Em primeiro lugar, o caput do art. 60 não está definindo o que seja telecomunicação, que é o serviço tributável, mas, simplesmente explicitando a noção de que o ramo de telecomunicação abrange o conjunto de atividades que possibilitam a oferta de telecomunicação, exclusivamente para os efeitos desse estatuto legal. A palavra "serviço" aí não está empregada no sentido de prestação onerosa de serviço, ou seja, no sentido de serviço prestado a terceiro mediante paga. Refere-se simplesmente à execução, pela empresa de telefonia, de toda uma infra-estrutura necessária para que ela possa vender o seu serviço de telecomunicação. A definição de telecomunicação está, como se verifica da transcrição retro, no § 1º do art. 60, ou seja, é a transmissão, emissão ou recepção de símbolos, caracteres, sinais, escritos, imagens, sons ou informações de qualquer natureza, por fio, radioeletricidade, meios ópticos ou qualquer outro processo eletromagnético.
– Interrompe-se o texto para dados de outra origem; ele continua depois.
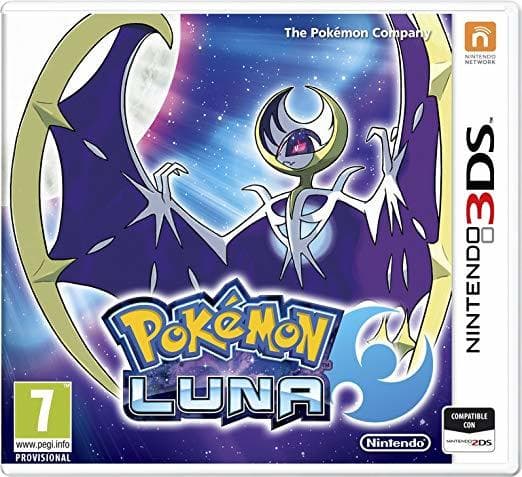 Moda Pokemon Luna: nintendo 3ds: Nintendo: Amazon.es: Videojuegos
Em segundo lugar, a competência para definir o fato gerador da obrigação tributária é da lei complementar consoante prescrição constitucional:

          "Art. 146 – Cabe à lei complementar:

III – estabelecer normas gerais em matéria de legislação tributária, especialmente sobre:

a) definição de tributos e de suas espécies, bem como, em relação aos impostos discriminados nesta Constituição, a dos respectivos fatos geradores, bases de cálculo e contribuintes".

Nenhuma lei ordinária poderia inovar o sentido tradicional da telecomunicação, que envolve um ponto de transmissão e um ponto de recepção. A própria lei complementar, de natureza tributária, não poderia dispor em sentido contrário, porque a telecomunicação é espécie do gênero comunicação, prevista no art. 155, II da CF, pelo que incide a regra proibitiva do art. 110 do CTN:

          "A lei tributária não pode alterar a definição, o conteúdo e o alcance de institutos, conceitos e formas de direito privado, utilizados, expressa ou implicitamente, pela Constituição Federal, pelas Constituições dos Estados, ou pelas Leis Orgânicas do Distrito Federal ou dos Municípios, para definir ou limitar competências tributárias".

Em terceiro lugar, o citado § 1º do art. 60, da Lei nº 9.472/97 guarda perfeita simetria com o art. 2º, inciso III da Lei Complementar nº 87/96, que define o fato gerador do imposto sobre serviço de comunicação. O art. 12, inciso VII dessa lei complementar considera ocorrido o fato gerador do imposto no momento "das prestações onerosas de serviços de comunicação, feita por qualquer meio, inclusive a geração, a emissão, a transmissão, a retransmissão, a repetição e a ampliação de comunicação de qualquer natureza". Evidente, pois, que a repetição e a ampliação de comunicação, previstas na parte final do dispositivo, por si sós, não constituem fato gerador do imposto, mas, somente enquanto meios de comunicação. Em outras palavras, a repetição de uma conversação telefônica gravada é irrelevante para o Direito Tributário. O mesmo acontece com a ampliação dessa conversação.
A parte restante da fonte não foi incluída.